A faithful copy is required: retype the records from their first line through the line with "Mobile welding in", and omit the pictures.

(Entries shown)

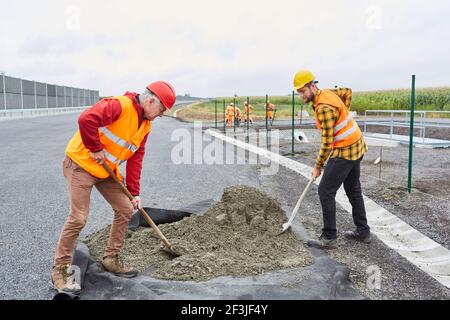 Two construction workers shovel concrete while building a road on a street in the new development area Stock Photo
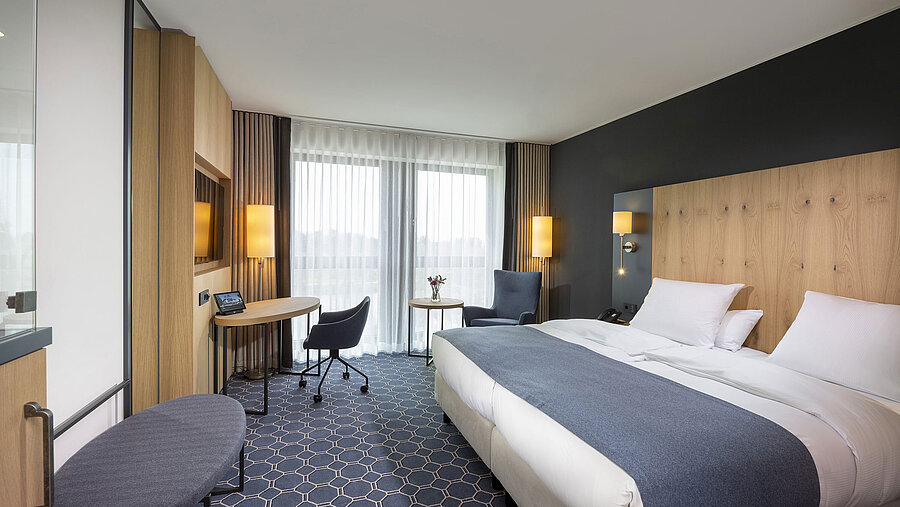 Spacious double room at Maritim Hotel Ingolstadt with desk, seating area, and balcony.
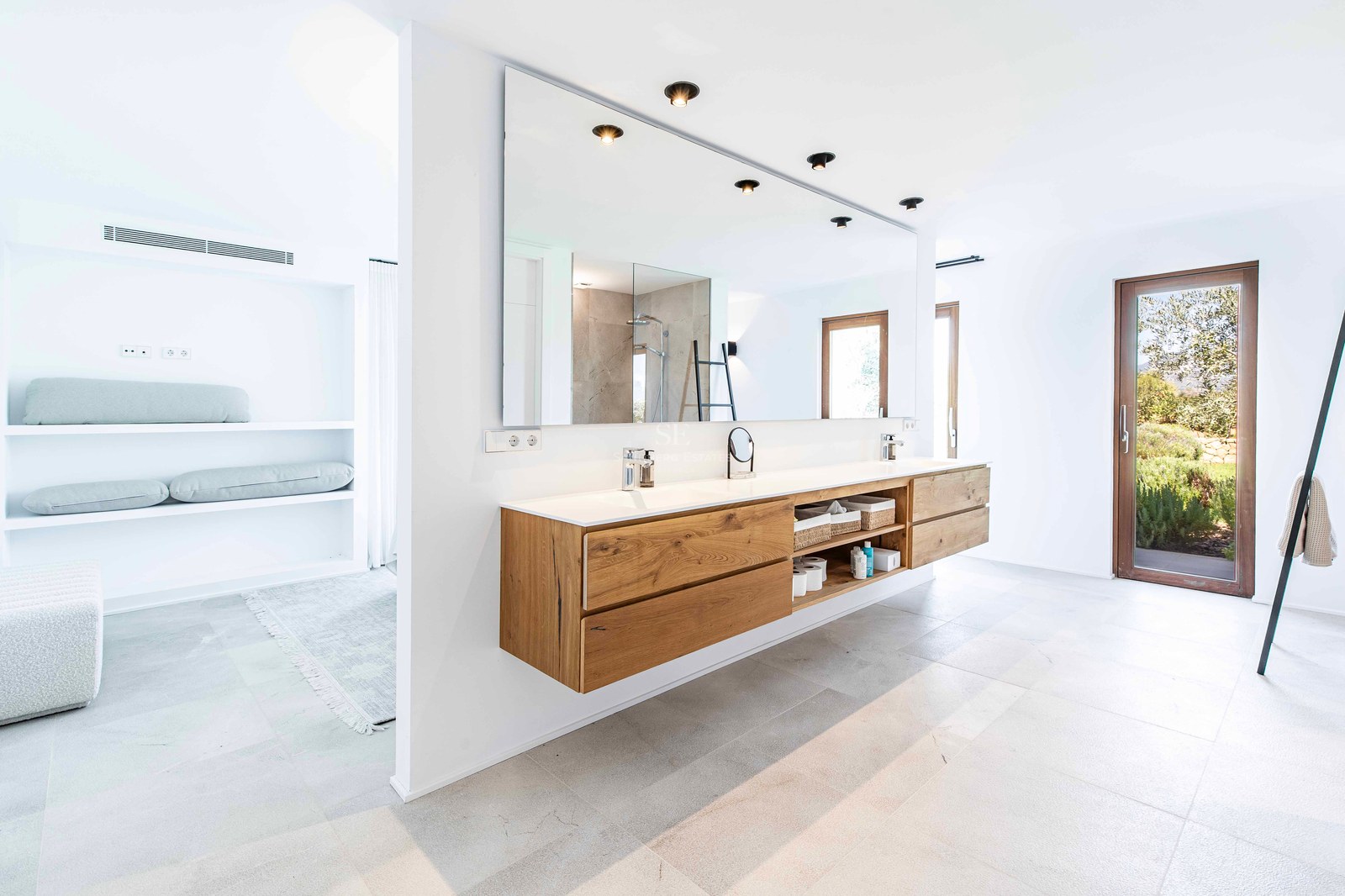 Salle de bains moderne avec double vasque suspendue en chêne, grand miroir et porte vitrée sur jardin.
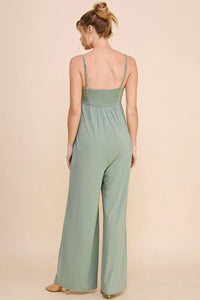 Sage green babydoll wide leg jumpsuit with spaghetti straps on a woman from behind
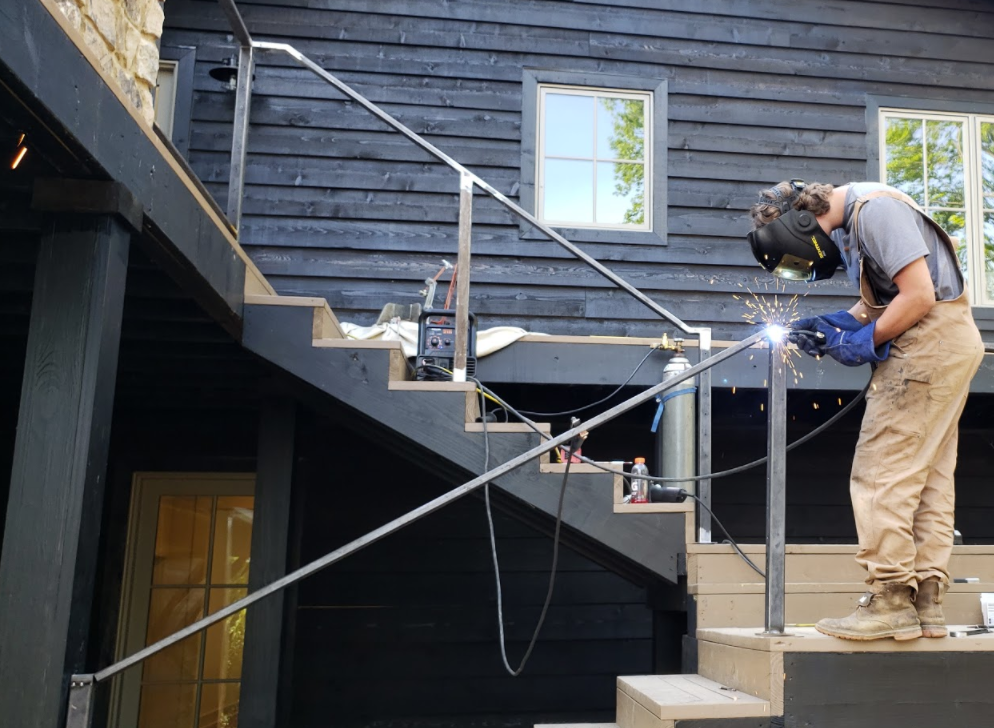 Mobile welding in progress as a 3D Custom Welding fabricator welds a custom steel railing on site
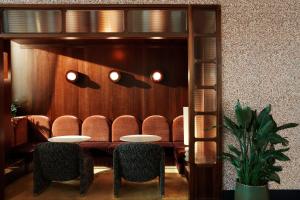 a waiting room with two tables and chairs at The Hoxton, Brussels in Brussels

(End Entries shown)

• **Answer section**
 Two construction workers shovel concrete while building a road on a street in the new development area Stock Photo
 Spacious double room at Maritim Hotel Ingolstadt with desk, seating area, and balcony.
 Salle de bains moderne avec double vasque suspendue en chêne, grand miroir et porte vitrée sur jardin.
 Sage green babydoll wide leg jumpsuit with spaghetti straps on a woman from behind
 Mobile welding in progress as a 3D Custom Welding fabricator welds a custom steel railing on site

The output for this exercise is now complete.